- Publicatiedatum
- 26/06/2014
Samenvatting
Het ministerie van Infrastructuur en Milieu wil duurzaam gebruik van natuurlijke hulpbronnen stimuleren, evenals het hergebruik daarvan. Terugwinnen van grondstoffen uit bijvoorbeeld afval moet voorkomen dat bronnen uitputten, de afhankelijkheid van voorzieningen verminderen en energie besparen. Het RIVM onderzoekt momenteel wat beleidsmatig nodig is om hergebruik van afvalwater te stimuleren. Hiervoor is beleid voor het hergebruik van bouwstoffen als voorbeeld gebruikt. Om een grondstof of product uit afval te kunnen maken, is het nodig dat wettelijk het etiket 'afval' van het materiaal wordt gehaald.
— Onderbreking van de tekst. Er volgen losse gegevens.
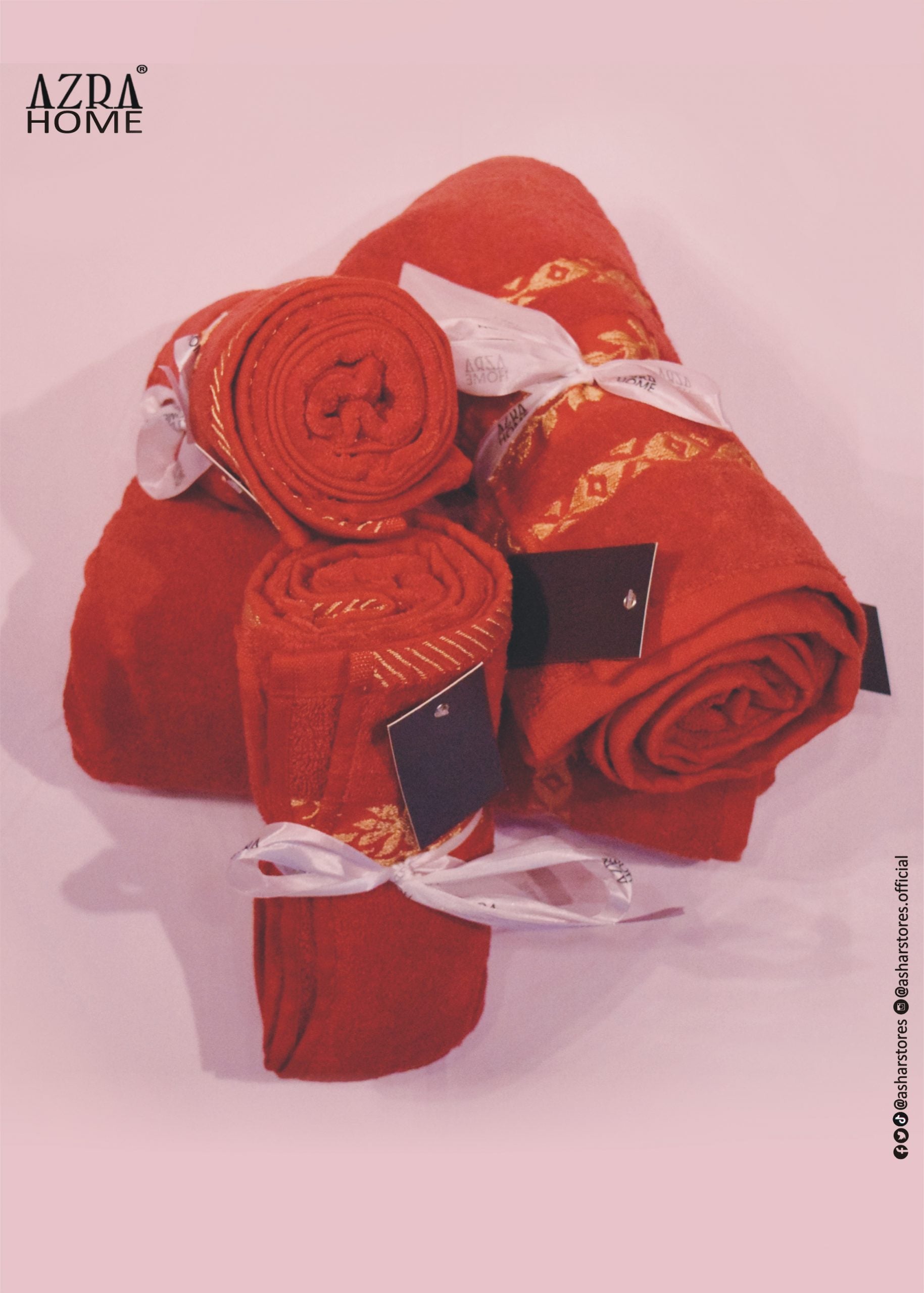 LUXURY BATH TOWEL-RED COLOR 100% COTTON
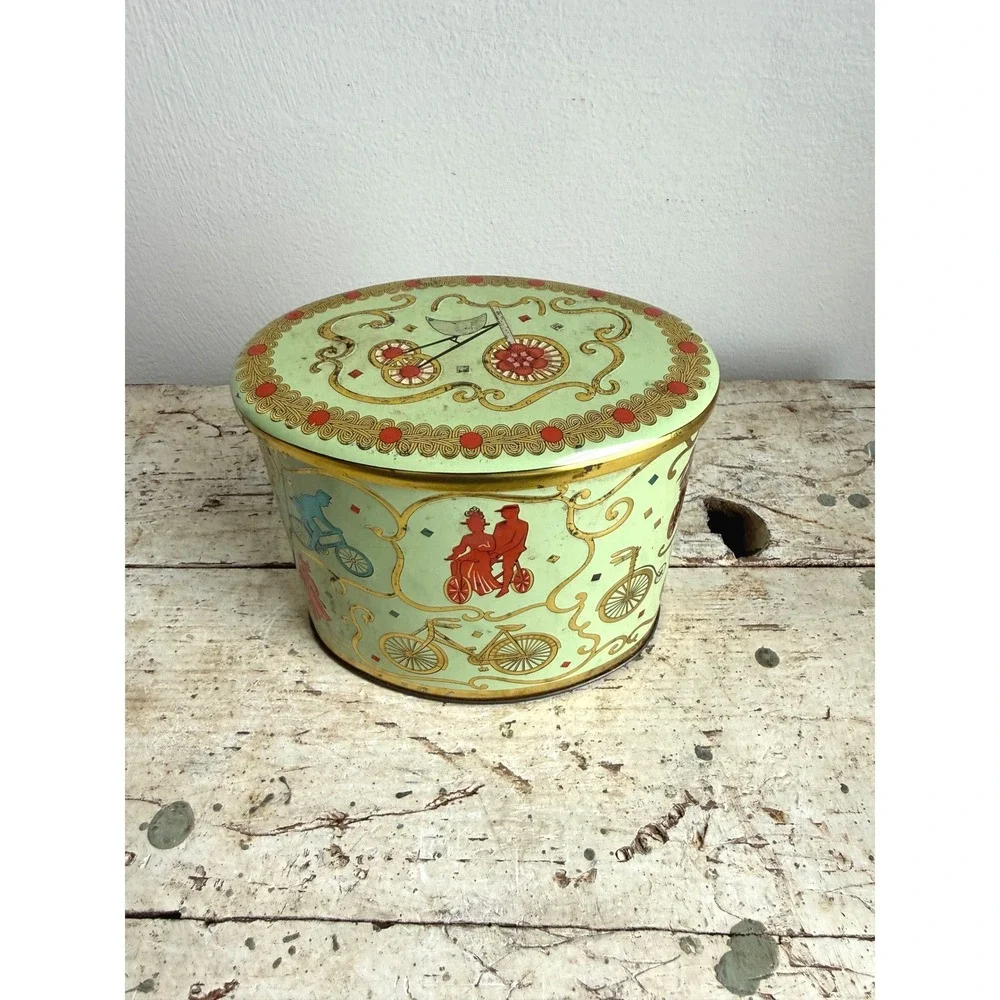 Vintage Baret Ware Art Grace Oval Tin England Victorian Bicycle Graphics Green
De afvalstroom moet hiervoor eerst aan veiligheids- en technische eisen voldoen die garanderen dat er geen onacceptabele risico's aan het hergebruik van afval kleven voor mens en milieu. Deze criteria worden einde-afvalcriteria genoemd (of End of Wastecriteria). Een van de grootste afvalstromen in Nederland is het materiaal dat vrijkomt bij bouw- en sloop activiteiten. Veel van dit afval wordt verwerkt en weer geschikt gemaakt voor gebruik - momenteel 95 procent. Voor het steenachtige bouw- en sloopafval is een formele einde-afvalregeling in de maak. Binnen de afvalwaterketen worden veel initiatieven ontplooid om hergebruik te bevorderen, bijvoorbeeld van fosfaat en cellulose uit afvalwater. Er blijken echter enkele beperkende omstandigheden zijn. Zo is er geen duidelijk beleid voor hergebruik van afvalwater; het beleid is tot nu toe geënt op waterkwaliteit. Ook wordt niet beleidsmatig gestimuleerd dat afvalwater wordt hergebruikt waardoor dat niet structureel plaatsvindt; bij bouwstoffen is dat wel het geval. Ook is niet duidelijk welke producten ermee kunnen worden gemaakt. Dit maakt het moeilijker om einde-afvalcriteria op te stellen. Het RIVM hoopt dichter bij oplossingen te komen door de komende tijd enkele praktijkvoorbeelden nader te onderzoeken.
Abstract
The Dutch Ministry of Infrastructure and the Environment wants to promote the sustainable use and reuse of natural resources. The recovery of raw materials from waste, for instance, can help prevent resource depletion, reduce dependence on supplies, and save energy. The Dutch National Institute for Public Health and the Environment (RIVM) is currently studying possible policy measures for promoting the reuse of wastewater. Existing policy on the reuse of building materials has been used as a model. Waste materials must be reclassified (i.e. no longer legally labelled as 'waste') before they can be converted into raw materials or products. This means that the relevant waste stream must meet specific safety and technical requirements to ensure that its reuse does not result in unacceptable risks to human health or the environment. These requirements are referred to as 'end-of-waste' criteria. Materials released during construction and demolition work comprise one of the largest waste streams in the Netherlands. A large proportion of this waste stream (currently 95 percent) is processed and made suitable for reuse. Official end-of-waste criteria are currently being prepared for stony construction and demolition waste. The wastewater chain is also developing a range of initiatives to promote reuse, e.g. by recovering phosphate and cellulose from wastewater. However, there are still some obstacles to overcome. For instance, there is no clear policy on the reuse of wastewater. Policy has been focused on water quality until recently. There are no policy measures in place to promote the reuse of wastewater. As a result, wastewater is not systematically reused as is the case with building materials. In addition, it is not clear which products can be manufactured from wastewater. This makes it more difficult to draw up end-of-waste criteria. RIVM hopes to contribute to the development of solutions by performing a number of case studies in the coming period.